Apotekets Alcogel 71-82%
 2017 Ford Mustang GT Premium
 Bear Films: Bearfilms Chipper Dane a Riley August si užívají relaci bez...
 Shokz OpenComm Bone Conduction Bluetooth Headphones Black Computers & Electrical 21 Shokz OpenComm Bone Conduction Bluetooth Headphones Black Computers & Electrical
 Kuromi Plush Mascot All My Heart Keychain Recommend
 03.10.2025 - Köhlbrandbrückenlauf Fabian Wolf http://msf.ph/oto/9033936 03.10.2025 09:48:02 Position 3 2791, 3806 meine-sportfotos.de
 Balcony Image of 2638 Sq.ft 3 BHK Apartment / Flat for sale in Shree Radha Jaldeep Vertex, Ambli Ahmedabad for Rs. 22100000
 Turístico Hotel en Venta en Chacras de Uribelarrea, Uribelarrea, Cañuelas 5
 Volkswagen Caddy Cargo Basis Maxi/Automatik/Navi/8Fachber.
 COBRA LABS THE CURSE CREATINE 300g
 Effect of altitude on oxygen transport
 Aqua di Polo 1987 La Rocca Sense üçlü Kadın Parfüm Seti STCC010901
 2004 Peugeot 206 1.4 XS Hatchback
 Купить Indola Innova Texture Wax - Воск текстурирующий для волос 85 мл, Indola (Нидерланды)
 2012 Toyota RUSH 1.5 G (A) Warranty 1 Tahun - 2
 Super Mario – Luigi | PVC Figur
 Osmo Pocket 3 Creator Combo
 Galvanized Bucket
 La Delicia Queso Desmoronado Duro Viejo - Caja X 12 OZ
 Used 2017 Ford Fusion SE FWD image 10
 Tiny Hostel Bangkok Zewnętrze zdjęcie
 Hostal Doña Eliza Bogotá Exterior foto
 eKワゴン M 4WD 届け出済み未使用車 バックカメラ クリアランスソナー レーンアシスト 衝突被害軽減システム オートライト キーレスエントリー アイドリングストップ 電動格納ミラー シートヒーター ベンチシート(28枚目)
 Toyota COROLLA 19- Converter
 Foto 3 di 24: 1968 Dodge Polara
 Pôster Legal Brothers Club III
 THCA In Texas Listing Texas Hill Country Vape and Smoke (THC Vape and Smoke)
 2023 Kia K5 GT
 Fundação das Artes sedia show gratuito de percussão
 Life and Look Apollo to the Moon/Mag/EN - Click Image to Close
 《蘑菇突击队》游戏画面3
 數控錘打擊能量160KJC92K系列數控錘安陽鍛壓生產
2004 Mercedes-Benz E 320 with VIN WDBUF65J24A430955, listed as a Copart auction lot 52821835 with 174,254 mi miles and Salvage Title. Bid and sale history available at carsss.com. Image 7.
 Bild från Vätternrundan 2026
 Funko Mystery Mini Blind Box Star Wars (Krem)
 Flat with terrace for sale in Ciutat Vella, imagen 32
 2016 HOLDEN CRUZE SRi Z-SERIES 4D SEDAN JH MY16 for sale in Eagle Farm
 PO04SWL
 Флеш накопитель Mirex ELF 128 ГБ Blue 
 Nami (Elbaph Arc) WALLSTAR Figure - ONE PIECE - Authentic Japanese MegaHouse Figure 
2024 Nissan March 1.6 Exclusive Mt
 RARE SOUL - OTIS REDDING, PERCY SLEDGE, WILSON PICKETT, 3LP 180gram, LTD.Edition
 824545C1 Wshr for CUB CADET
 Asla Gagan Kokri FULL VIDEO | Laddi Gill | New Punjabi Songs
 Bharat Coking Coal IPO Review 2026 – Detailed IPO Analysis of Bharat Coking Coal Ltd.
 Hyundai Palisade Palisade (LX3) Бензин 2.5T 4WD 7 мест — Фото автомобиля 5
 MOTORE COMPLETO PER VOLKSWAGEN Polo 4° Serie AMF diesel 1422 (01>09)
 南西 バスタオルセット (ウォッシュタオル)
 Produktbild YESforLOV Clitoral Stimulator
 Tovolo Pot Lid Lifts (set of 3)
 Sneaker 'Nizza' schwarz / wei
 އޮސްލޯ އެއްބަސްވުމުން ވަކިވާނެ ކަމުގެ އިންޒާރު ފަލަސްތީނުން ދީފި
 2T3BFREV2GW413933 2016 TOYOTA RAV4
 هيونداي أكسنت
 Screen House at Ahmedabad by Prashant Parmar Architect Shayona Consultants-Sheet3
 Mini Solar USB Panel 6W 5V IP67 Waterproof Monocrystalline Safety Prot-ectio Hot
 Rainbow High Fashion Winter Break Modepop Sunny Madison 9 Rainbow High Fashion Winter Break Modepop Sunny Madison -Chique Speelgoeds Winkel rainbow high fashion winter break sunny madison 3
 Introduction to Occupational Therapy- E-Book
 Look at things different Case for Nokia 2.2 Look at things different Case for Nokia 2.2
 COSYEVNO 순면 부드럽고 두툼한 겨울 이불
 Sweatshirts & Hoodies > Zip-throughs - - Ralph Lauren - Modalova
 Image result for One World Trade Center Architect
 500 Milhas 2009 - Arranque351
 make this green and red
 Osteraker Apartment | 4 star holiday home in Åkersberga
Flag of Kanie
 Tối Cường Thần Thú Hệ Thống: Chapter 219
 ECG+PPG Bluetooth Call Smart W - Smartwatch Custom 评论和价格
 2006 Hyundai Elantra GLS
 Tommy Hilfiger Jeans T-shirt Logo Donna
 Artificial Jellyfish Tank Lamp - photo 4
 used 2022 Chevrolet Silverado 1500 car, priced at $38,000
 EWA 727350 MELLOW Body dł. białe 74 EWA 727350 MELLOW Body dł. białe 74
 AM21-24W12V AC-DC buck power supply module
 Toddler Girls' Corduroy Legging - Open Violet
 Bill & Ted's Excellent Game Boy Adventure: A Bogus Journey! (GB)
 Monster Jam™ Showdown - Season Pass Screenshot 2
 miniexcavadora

......

Task>
Nothing beyond the line that contains "Electrical 21 Shokz" belongs in the answer; reproduce the entries exactly from their first line through it.

Output for this task>
Apotekets Alcogel 71-82%
 2017 Ford Mustang GT Premium
 Bear Films: Bearfilms Chipper Dane a Riley August si užívají relaci bez...
 Shokz OpenComm Bone Conduction Bluetooth Headphones Black Computers & Electrical 21 Shokz OpenComm Bone Conduction Bluetooth Headphones Black Computers & Electrical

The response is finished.